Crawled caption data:
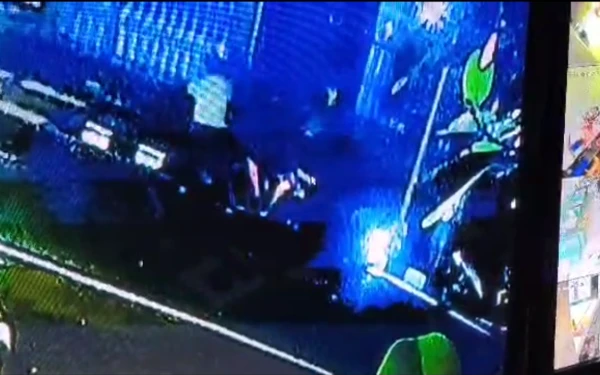 Thumbnail Terekam CCTV, Mahasiswa Asal Batu Dikeroyok Delapan Orang Tak Dikenal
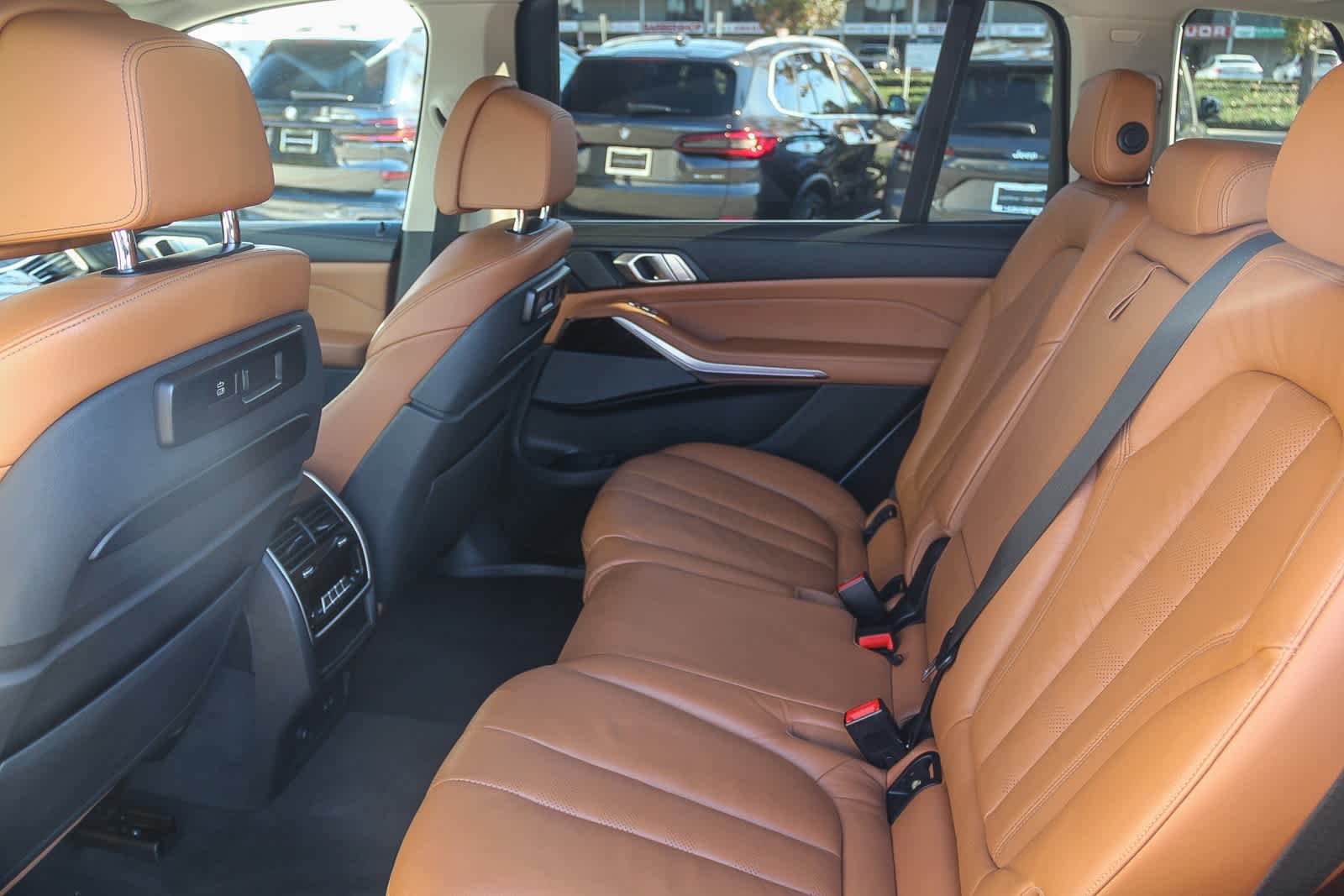 Thumbnail: 2019 BMW X7 - 17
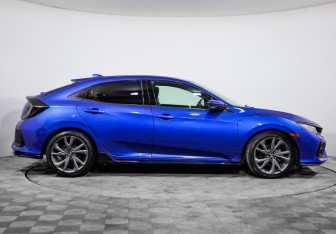 Подержанный автомобиль Honda Civic Hatchback 2017 года (4 фото)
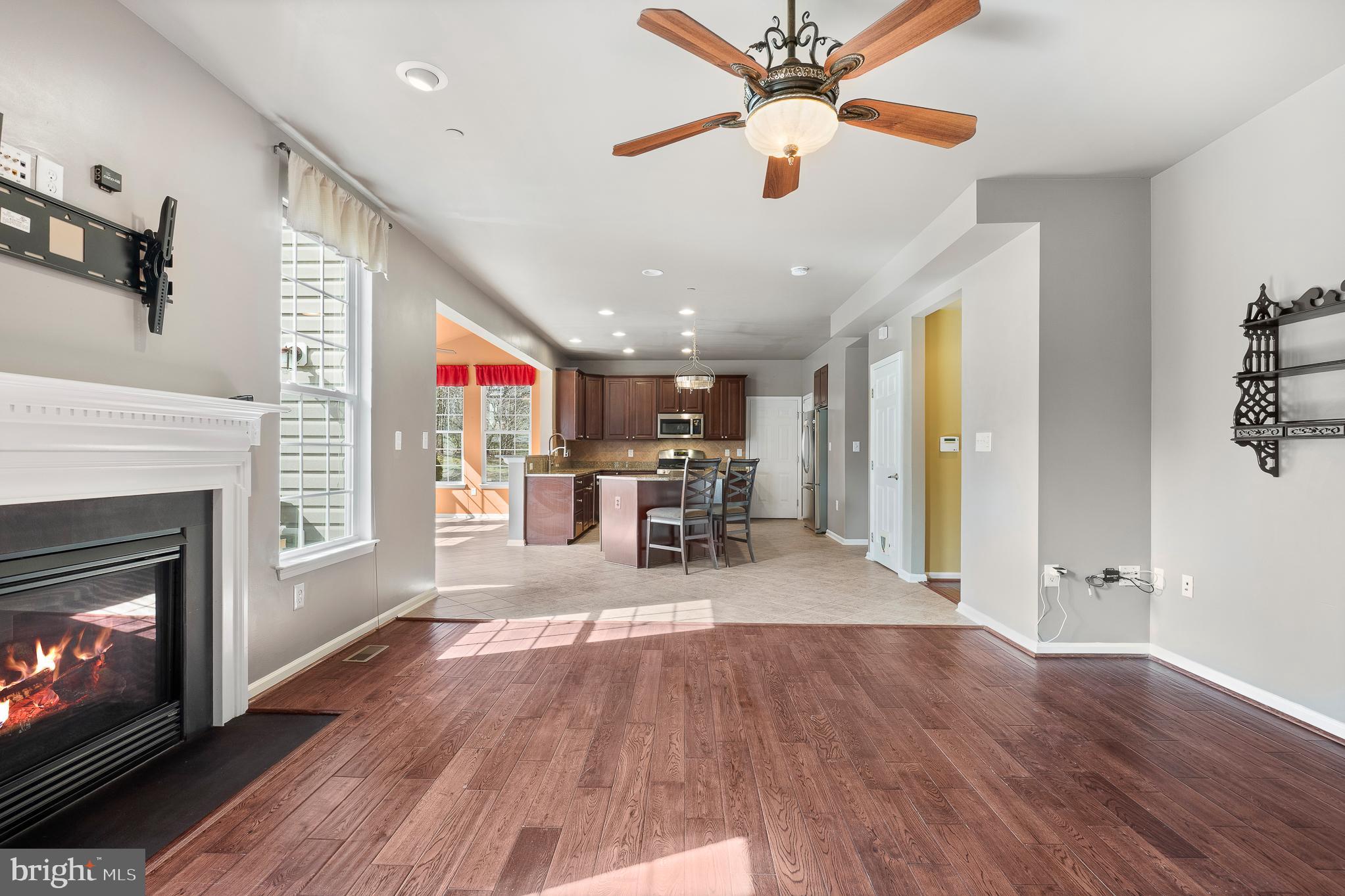 WILLOW WOODS - Residential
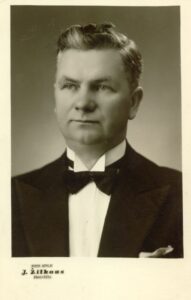 Muzikas Mykolas Karka – „Dainos“ draugijos Panevėžio skyriaus valdybos vicepirmininkas, vėliau – pirmininkas, skyriui vadovavęs 1929–1940 m. Fot. J. Žitkaus. Panevėžys. Apie 1940 m. PAVB, Mykolo Karkos fondas F12-231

** PROBLEM DETAILS **
Starting at the line where "WILLOW WOODS - Residential" appears, restate every line through the end of the records above exactly, but omit the pictures.

** ANSWER TO THE EXERCISE **
 WILLOW WOODS - Residential
 Muzikas Mykolas Karka – „Dainos“ draugijos Panevėžio skyriaus valdybos vicepirmininkas, vėliau – pirmininkas, skyriui vadovavęs 1929–1940 m. Fot. J. Žitkaus. Panevėžys. Apie 1940 m. PAVB, Mykolo Karkos fondas F12-231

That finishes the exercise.